Art of Los Angeles, comic books explored

Art scenes with inferiority complexes are explored on two interesting documentaries. “The Cool School” on “Independent Lens” (9 p.m., PBS, check local listings) recalls the birth of an art movement in Los Angeles during the 1950s and 1960s, at a time when the city was better known for oil wells and “Dragnet”-like squares than hipsters and painters.

Narrated by Jeff Bridges, “Cool” looks back at the Ferus Gallery, founded by curator Walter Hopps, the center of a tiny community of bohemians. Like any story of this kind, the tone changes as outsiders discover the scene and money begins to flow in and complicate matters. Hopps would partner with a smooth operator named Irving Blum, who would popularize the gallery by inviting more famous New York artists to exhibit their works. Blum would eventually take over the gallery and even marry Hopps’ estranged wife before decamping for greener pastures in Manhattan.

Actors Dennis Hopper and Dean Stockwell and architect Frank Gehry appear time and again like a hipster chorus. “Cool” is as much about Los Angeles as art, depicting a city always looking elsewhere for validation and never appreciating its homegrown talent.

¢ “Comic Books Unbound” (9 p.m., Starz) looks at the once-scorned literary genre that has been become the dominant source for summer-blockbuster movies featuring huge budgets and A-list talent. It wasn’t always like this, we’re assured. Back in the 1940s, comics like “Batman” and “Superman” were adapted into cheap and popular throwaway serials. In the 1950s, comics were demonized in U.S. Senate hearings, and, by the 1960s, the TV version of “Batman” reduced the Caped Crusader to ludicrous camp.

Experts, including comic writers and film directors Guillermo del Toro (“Hellboy”), Richard Donner (“Superman”) and Robert Pulcini (“American Splendor”), discuss different approaches to the genre. Others mourn the passing of the nerdy innocence of the Comic-Con convention now that it has become so tied to films and merchandising, and actors praise the passion of comic readers and the larger-than-life nature of the characters.

It’s interesting to note that the same film era that has brought us live-action adaptations of “Spiderman” and “Iron Man” has coincided with the move in film animation from two-dimensional cells to computer graphics.
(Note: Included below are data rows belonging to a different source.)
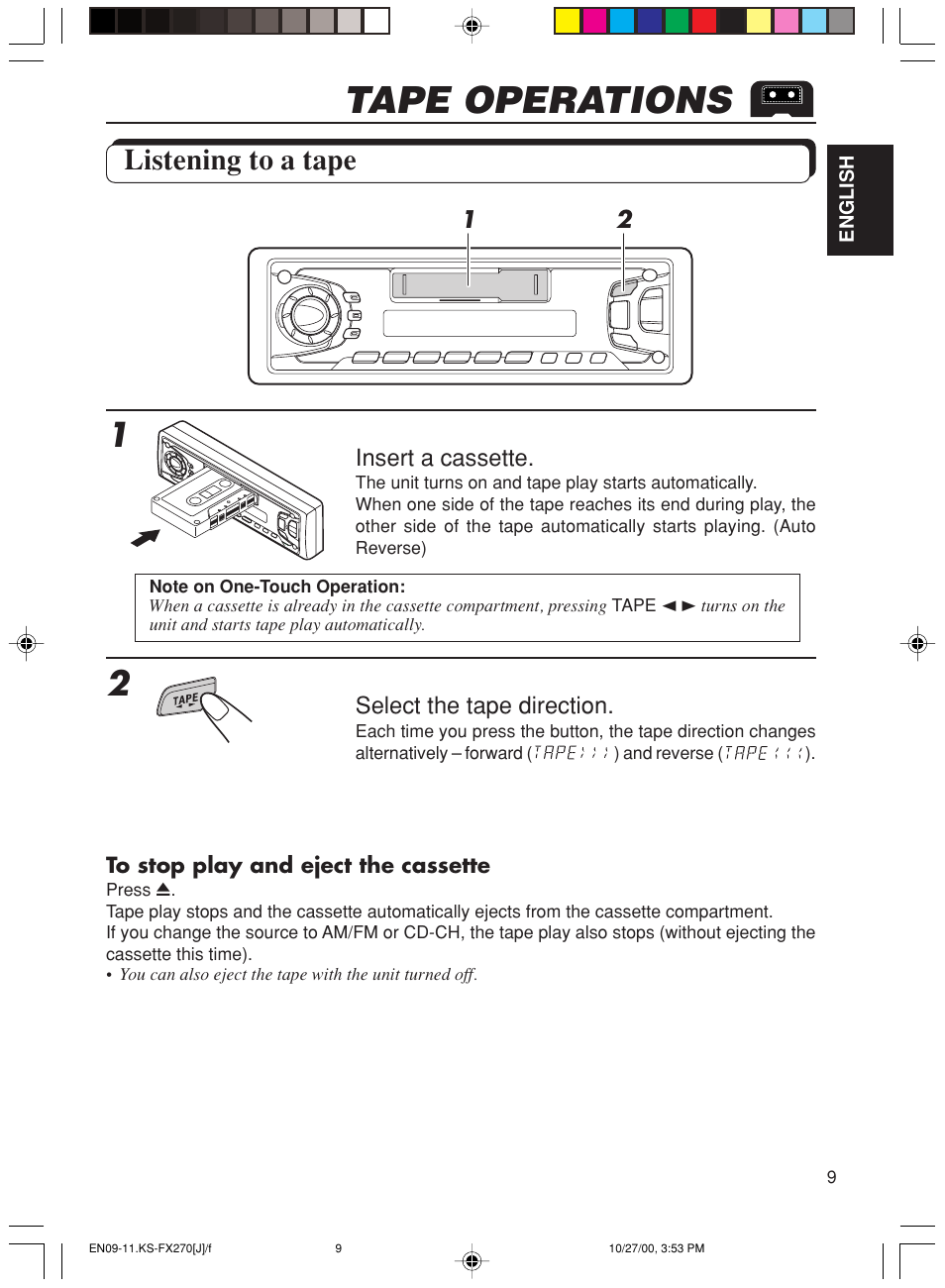 Tape operations, Listening to a tape | JVC KS-FX270 User Manual | Page 9 / 89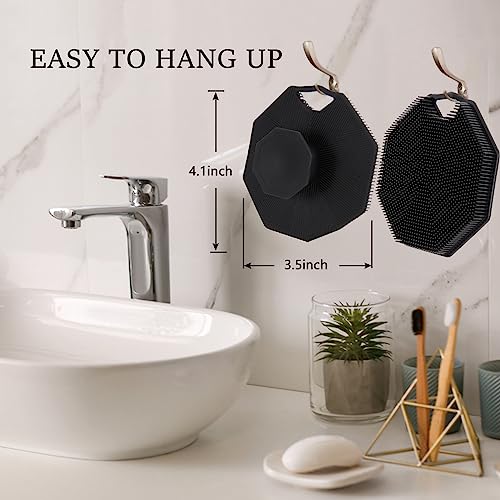2Pack Silicone Body Scrubber, Qewro Body Buffer Exfoliating Brush with Silicone Loofah, Scalp Exfoliator Hair Shampoo Skin Cleaning Brush, Bath & Body Brushes for Men Women use in Shower (2Pack) - size: 2Pack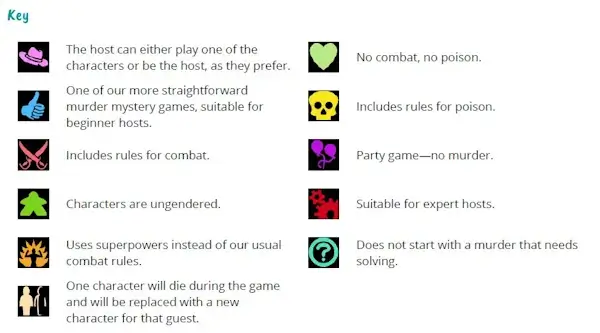 Freeform Games catalog key Freeform Games catalog - key to the icons
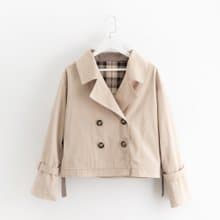 英倫格紋短風衣 - 大人款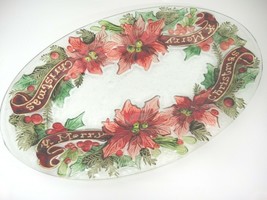 Art Glass Embossed Merry Christmas Platter Poinsettias Large 18&quot; x 12&quot; Oval - £11.09 GBP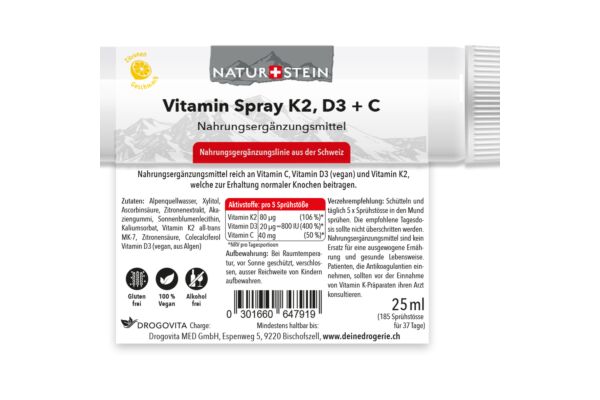 Naturstein Vitamin K2 D3 + C Spray 25 ml
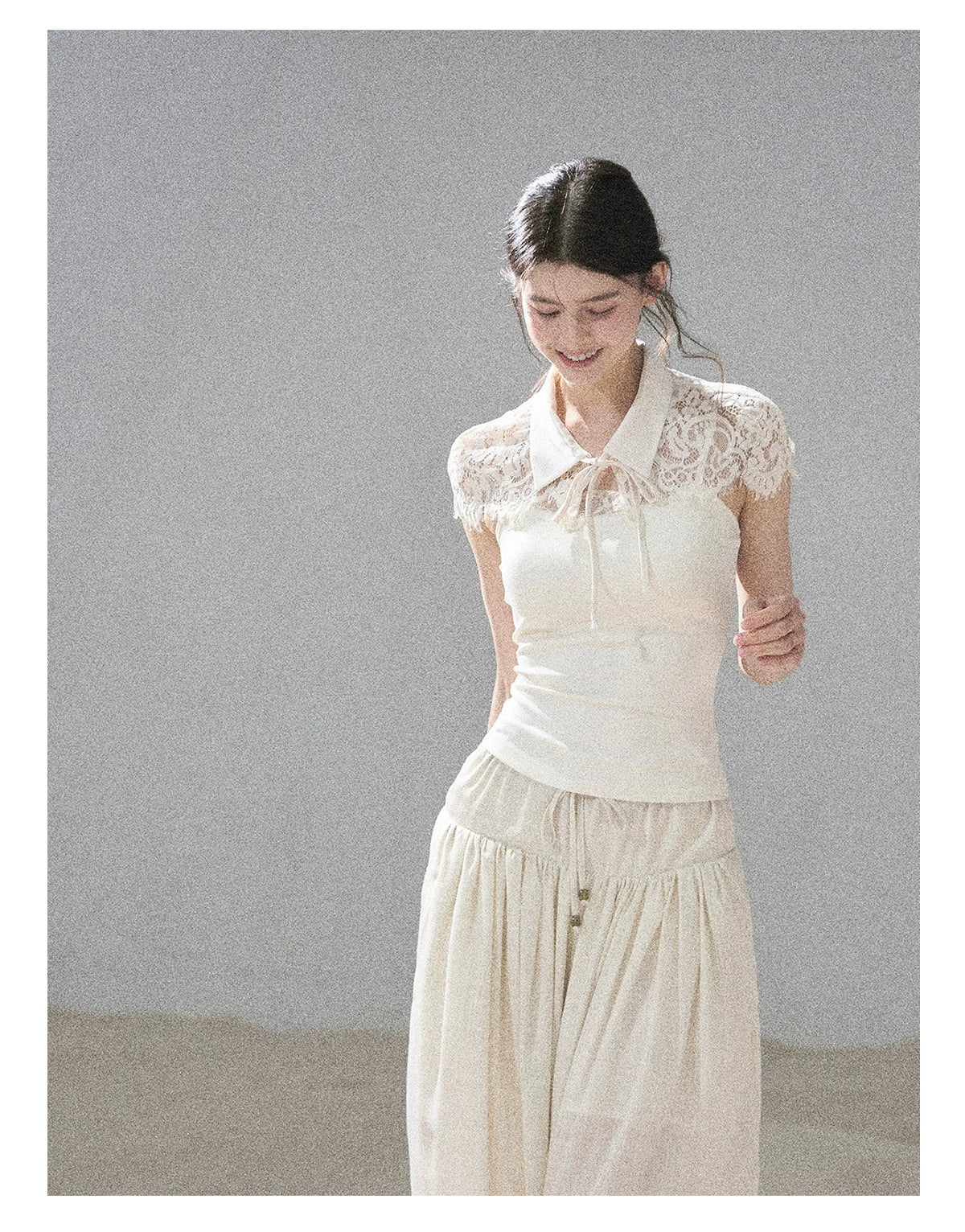 "Moonlit Rose Sonata" Cream Ivory Cami Top & Cape Set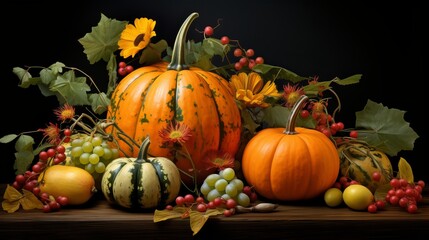 Thanksgiving pumpkins with fruits and falling leaves Generative AI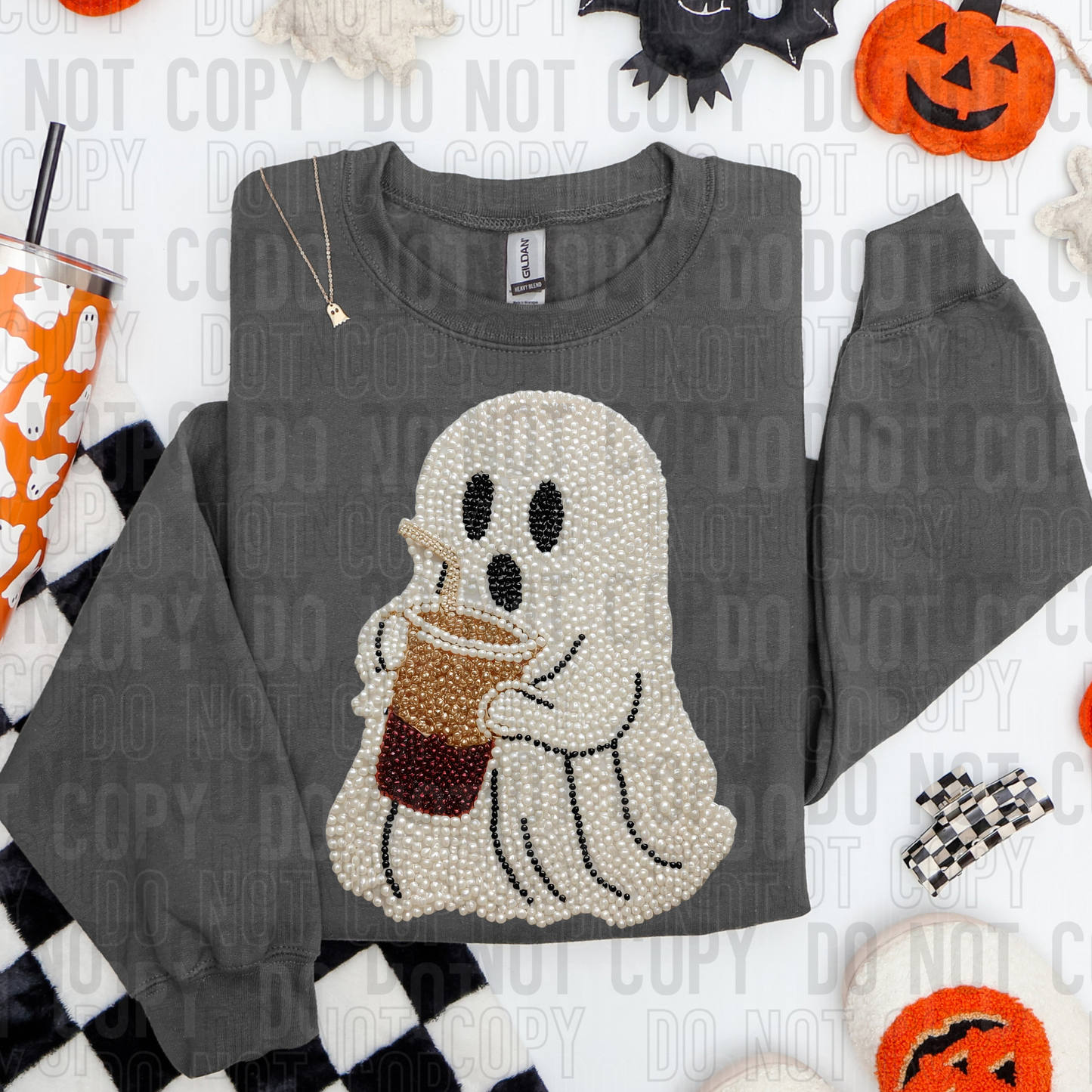 GHOST COFFEE FAUX PEARLS - DTF TRANSFER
While live-action films seem to emerge naturally from the storyboard nature of comic books, CGI films have become very joke-driven and retain the feel of movies in which the written word still comes before the image.

Tonight’s other highlights

¢ Steve Carell stars as “The 40-Year-Old Virgin” (7 p.m., USA), a popular combination of romance and raunch.

¢ On two episodes of “Law & Order: Special Victims Unit” (NBC), teacher’s pet (8 p.m.), the sole witness to an assault may be impaired (9 p.m.).

¢ The Lakers host the Celtics in Game 3 of the NBA finals (8 p.m., ABC).

¢ An altercation with the Coast Guard on “Deadliest Catch” (8 p.m., Discovery).

¢ A supervisor vanishes after an altercation with a fired employee on “Without a Trace” (9 p.m., CBS).

Cult choice

Directed by Christopher Nolan (“Memento”), the 2005 adventure “Batman Begins” (6 p.m., FX) takes comic-book adaptation very seriously.